C. took some time off from our walks not long after I got S. and I did not push the issue. I offered to let her go and if she did not want to, that was fine. I think S. had given her the evil eye in the car... But the fighting has stopped and suddenly C. was ready and excited to go. She dances around the SUV , I can't open it fast enough for them to jump in. On our walks she never lags, acts excited, tail wagging ect. I know she knows she can opt not to go at any time. I walk 20 min. miles, so I don't think that is to fast. I am 52 years old ! I would think my dogs could go at my speed. I just don't want to ever do any harm to either of my dogs.


----------



## HerdingStdPoodle (Oct 17, 2012)

*Just a Thought*

Carley's Mom;

I absolutely love your new Avatar---wonderful photo of you and the Spoos at the beach!
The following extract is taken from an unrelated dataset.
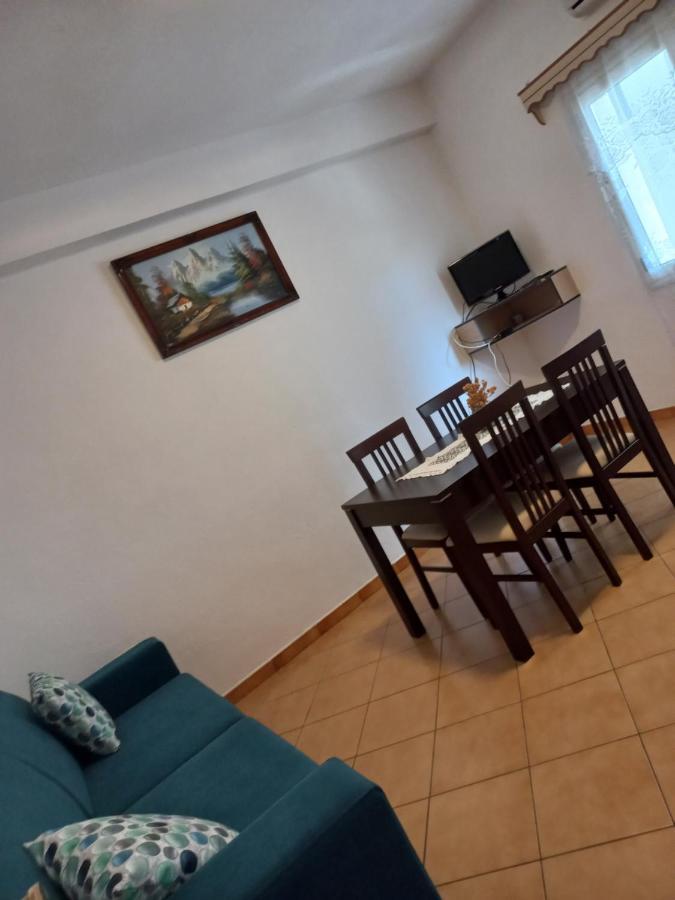 Apartament Gloria&Mitati Orikum Exterior photo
I have experience with older dogs---not Poodles---but a gorgeous, loyal Belgian Shepherd that was my buddy for 12 years. At the time, I also had a Sheltie and the three of us would go walking and hiking together. What worked for us is this: I would take them, one at a time, for a "special time" of walking and hiking with me. My Sheltie had lots of energy and would run and play and investigate. When I crated my Sheltie, it was time for my Belgian---we would stroll and "just be" together. He was so happy, just as long as he was by my side. When the three of us were together, my Belgian would try and "keep up" with my Sheltie because he wanted to be near me and would do anything and everything to please me. 

Separate "quality time" is what worked for us. 

HerdingStdPoodle


----------



## Carley's Mom (Oct 30, 2011)

thanks everyone, I guess I will cut back some.


----------



## Carrie-e (Oct 23, 2012)

Amazing photo wonderful. When my Harley was 9,he had problems with his toenails and we had to cut down his walks. To be honest he wasn't bothered at all. It's always so sad when they slow down isn't it,it just makes you realise they are getting older and none of us like to think about it.


----------